Your objective
Take the line that contains "Lo q[ T_ nCq[ T_" and each line after it to the end of the data below, and set them down exactly, omitting pictures.

Materials provided

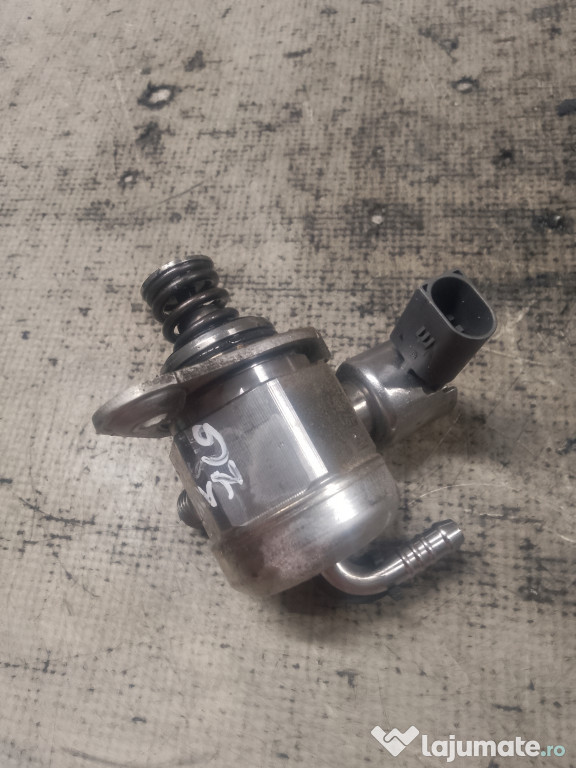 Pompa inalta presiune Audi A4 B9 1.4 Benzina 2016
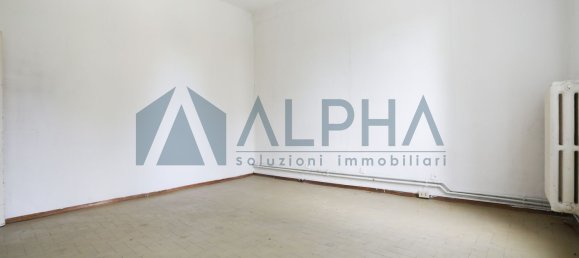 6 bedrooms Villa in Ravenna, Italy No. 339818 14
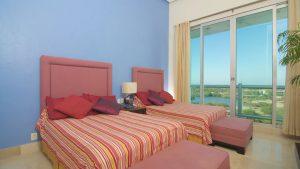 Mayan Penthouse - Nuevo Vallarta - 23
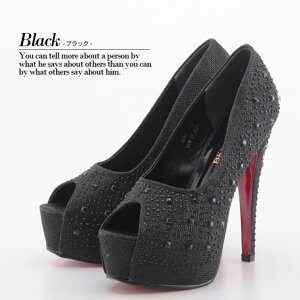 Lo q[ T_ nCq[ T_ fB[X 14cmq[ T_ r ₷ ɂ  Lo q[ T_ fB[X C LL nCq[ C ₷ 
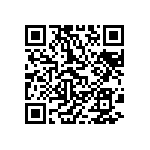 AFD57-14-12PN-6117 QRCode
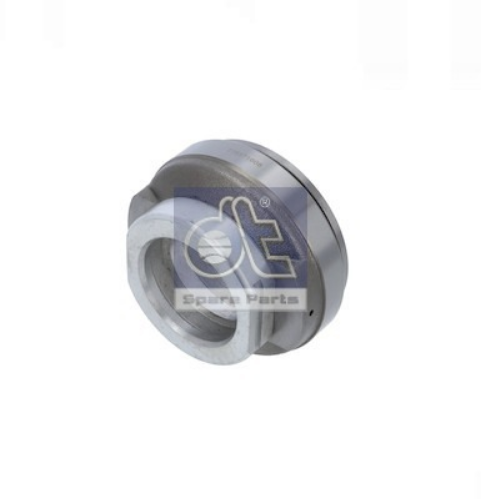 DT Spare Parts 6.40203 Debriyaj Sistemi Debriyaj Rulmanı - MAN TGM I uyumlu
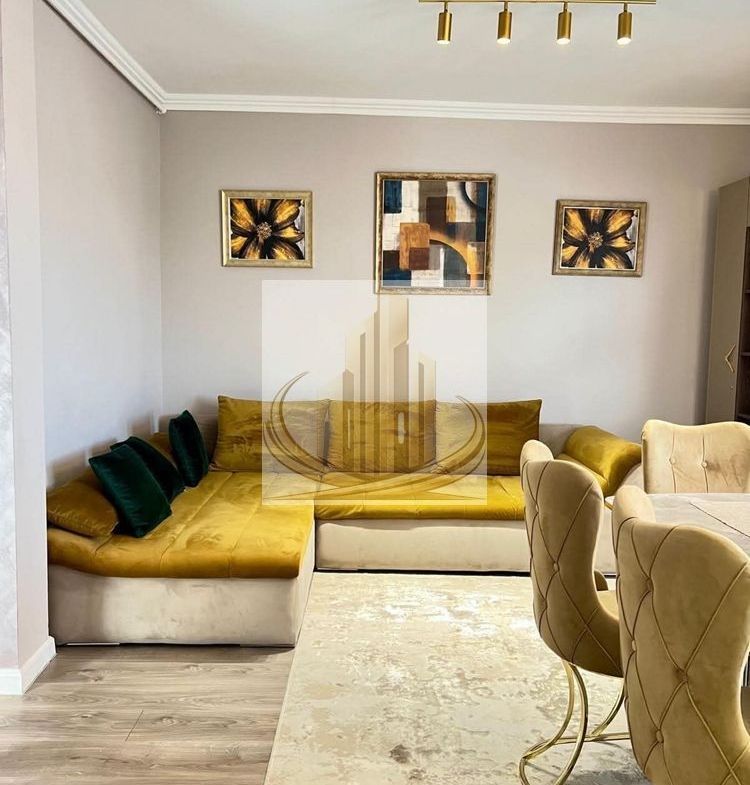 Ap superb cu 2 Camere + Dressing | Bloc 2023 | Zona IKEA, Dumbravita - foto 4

Response box
 Lo q[ T_ nCq[ T_ fB[X 14cmq[ T_ r ₷ ɂ  Lo q[ T_ fB[X C LL nCq[ C ₷ 
 AFD57-14-12PN-6117 QRCode
 DT Spare Parts 6.40203 Debriyaj Sistemi Debriyaj Rulmanı - MAN TGM I uyumlu
 Ap superb cu 2 Camere + Dressing | Bloc 2023 | Zona IKEA, Dumbravita - foto 4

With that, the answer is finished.